8.4. Het hof oordeelt als volgt.
Het hof gaat ervan uit dat het WSNP-verzoek niet daadwerkelijk door [appellant] is ingediend bij de Centrale Informatiebalie (op of na 29 september 2004 en vóór 27 oktober 2004) op grond van de volgende feiten en omstandigheden, in onderlinge samenhang beschouwd:
- Uit de verklaring van de heer [naam medewerker] van de Centrale Informatiebalie (zie 4.5.1. sub e.) blijkt niet onomstotelijk dat [appellant] het verzoek daadwerkelijk heeft ingediend. Volgens de rechter-commissaris kan de heer [naam medewerker] bevestigen noch ontkennen dat het verzoek is ingediend. Het feit dat [appellant] beschikt over een kopie van het ondertekende verzoek vormt - mede in het licht van de hierna te melden omstandigheden - onvoldoende aanleiding om ervan uit te gaan dat het verzoek wél is ingediend.

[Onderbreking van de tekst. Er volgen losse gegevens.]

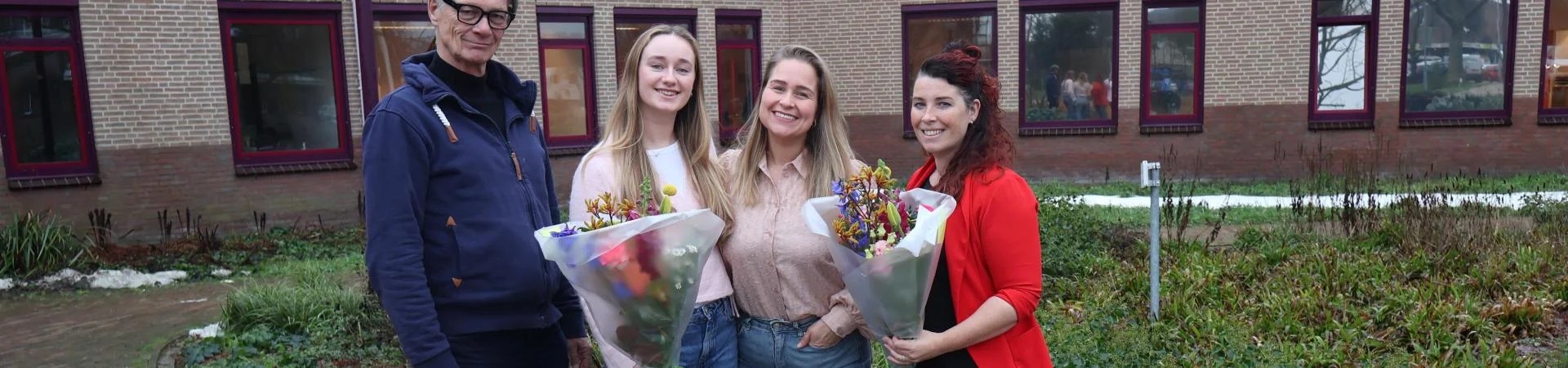 Adviesraad Sport en Bewegen Waterland compleet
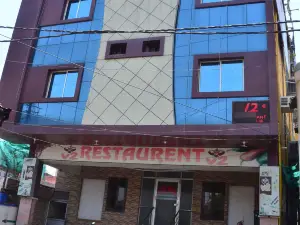 호텔 시바이 팰리스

- Er is bij de griffie schuldsanering geen WSNP-verzoek van [appellant] binnengekomen. Dit zou wel het geval geweest zijn indien het verzoek was ingediend bij de Centrale Informatiebalie. Dit blijkt uit de door de rechter-commissaris gegeven beschrijving van de normale gang van zaken bij indiening van een WSNP-verzoek bij de Centrale Informatiebalie. De dag vóór de zitting op 27 oktober 2004 is nog geverifieerd of er een WSNP-verzoek van [appellant] bij de griffie was binnengekomen.
- De (mogelijke) indiening van een WSNP-verzoek is - logischerwijze - expliciet aan de orde geweest ter zitting van 27 oktober 2004 omdat die indiening de enige reden was waarom de behandeling werd aangehouden.
- [appellant] heeft blijkens het proces-verbaal - nog eens bevestigd door de rechter-commissaris in zijn brief - ter zitting van 27 oktober 2004 expliciet verklaard géén WSNP-verzoek ingediend te hebben. [appellant]suggereert slechts ("voorstelbaar is") waarom hij bedoeld zou hebben dat het WSNP-verzoek niet aan de orde was. Gesteld noch gebleken is dat [appellant] de Nederlandse taal onvoldoende machtig was en dat de rechter-commissaris [appellant] om die reden niet goed zou hebben begrepen of andersom. Uit niets blijkt dat er ter zitting verwarring heeft bestaan over de (niet-)indiening van het WSNP-verzoek door [appellant]. Overigens heeft [appellant] kennelijk de kopie van het "verzoek tot toepassing van de schuldsaneringsregeling", gedateerd 29 september 2004, niet getoond of overgelegd ter zitting van 27 oktober 2004.
8.5. Het vorenstaande leidt tot de conclusie dat het vonnis van de rechtbank, waarvan beroep, bekrachtigd dient te worden.
9. De beslissing
Het hof:
Bekrachtigt het vonnis van de rechtbank 's-Hertogenbosch van 27 oktober 2004.
Dit arrest is gewezen door mrs. C.E.L.M. Smeenk-van der Weijden, Draijer-Udo en Spliet en uitgesproken ter openbare terechtzitting van dit hof van 23 februari 2005, in tegenwoordigheid van de griffier.